浮点数与C中值的比较 [英] Comparison of a float with a value in C

问题描述

$ b 1）

$ b $在C中遇到了两个程序，它们都是比较浮点数的， b

  #include< stdio.h> 
 int main（）
 {
 float x = 0.1; 
 if（x == 0.1）
 printf（IF）; 
 else if（x == 0.1f）
 printf（ELSE IF）; 
 else 
 printf（ELSE）; 
 
  

输出：ELSE IF

$ b $ pre $ $ $ $ $ $ $ $ $ $ x = 0.5;
if（x == 0.5）
printf（IF）;
else if（x == 0.5f）
printf（ELSE IF）;
else
printf（ELSE）;

输出：IF

为什么0.5不提升为double而0.1是？

解决方案

既然 double 宽于 float ， x == 0.1 被解释为<$

这个函数对于0.5来说是可以的，因为0.5在二进制文件中是精确表示的，所以（double）0.5f 精确地产生0.5。另一方面，0.1有二进制中的无限数字表示法，0.1f和0.1最后四舍五入成为数字，这些数字在它们所保存的序列的起始数字中有多少不同。

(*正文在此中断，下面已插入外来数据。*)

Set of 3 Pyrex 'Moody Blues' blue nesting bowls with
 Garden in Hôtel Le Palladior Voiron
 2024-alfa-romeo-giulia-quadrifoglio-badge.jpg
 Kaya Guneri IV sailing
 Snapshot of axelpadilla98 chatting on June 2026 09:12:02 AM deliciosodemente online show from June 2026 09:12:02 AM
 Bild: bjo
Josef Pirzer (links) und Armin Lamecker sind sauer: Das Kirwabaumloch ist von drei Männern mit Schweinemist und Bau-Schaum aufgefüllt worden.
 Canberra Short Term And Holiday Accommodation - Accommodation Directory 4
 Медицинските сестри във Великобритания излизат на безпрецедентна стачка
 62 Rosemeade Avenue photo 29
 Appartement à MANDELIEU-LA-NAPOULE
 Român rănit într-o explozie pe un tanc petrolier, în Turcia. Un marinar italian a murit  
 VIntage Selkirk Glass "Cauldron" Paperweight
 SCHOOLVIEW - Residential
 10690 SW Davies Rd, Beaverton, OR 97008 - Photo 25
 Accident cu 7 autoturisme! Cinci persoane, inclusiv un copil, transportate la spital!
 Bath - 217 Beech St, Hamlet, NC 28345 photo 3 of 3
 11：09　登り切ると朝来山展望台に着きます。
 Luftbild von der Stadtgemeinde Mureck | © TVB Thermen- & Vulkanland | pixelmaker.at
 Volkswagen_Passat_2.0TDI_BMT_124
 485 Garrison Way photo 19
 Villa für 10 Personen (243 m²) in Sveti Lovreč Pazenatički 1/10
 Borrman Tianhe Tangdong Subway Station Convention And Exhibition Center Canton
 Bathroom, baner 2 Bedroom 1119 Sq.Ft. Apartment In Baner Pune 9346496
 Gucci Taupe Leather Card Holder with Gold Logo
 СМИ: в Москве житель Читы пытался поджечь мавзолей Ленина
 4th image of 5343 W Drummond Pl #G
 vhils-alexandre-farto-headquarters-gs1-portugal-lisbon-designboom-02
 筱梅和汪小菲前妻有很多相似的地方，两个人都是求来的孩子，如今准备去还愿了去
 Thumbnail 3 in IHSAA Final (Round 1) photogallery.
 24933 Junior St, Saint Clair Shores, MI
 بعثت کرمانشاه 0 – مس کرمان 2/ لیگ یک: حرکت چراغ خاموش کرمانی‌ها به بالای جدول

用十进制数表示类比，可以将上面的情况想象为将小数1/3四舍五入到固定的小数位数。使用5位有效数字的表示形式，得到0.33333;选择一个10位的结果是0.3333333333。现在，将五位数字投到十位数字结果为0.3333300000，这是不同于0.3333333333的数字。在同样的比喻中，0.5英寸就像十进制的1/10，分别表示为0.10000和0.1000000000，所以可以把它转换成另一个表示，然后不改变它的含义。

如果 x 的内容是从代码设置的标记值，那么简单地将它与 0.1f 而不是 0.1 。如果是计算结果，请参阅 Paul的回答，以获取正确比较浮点数量的方法。

I have come across two programs in C, both comparing floating point number but with different outputs.

1)

  #include<stdio.h>
   int main()
   {
       float x = 0.1;
       if (x == 0.1)
           printf("IF");
       else if (x == 0.1f)
            printf("ELSE IF");
       else
            printf("ELSE");
    }

Output : ELSE IF

2)

    int main()
   {
       float x = 0.5;
       if (x == 0.5)
           printf("IF");
       else if (x == 0.5f)
            printf("ELSE IF");
       else
            printf("ELSE");
    }

Output : IF

why 0.5 is not promoted to double whereas 0.1 is?

解决方案

Since double is wider than float, x == 0.1 is interpreted as (double) x == 0.1.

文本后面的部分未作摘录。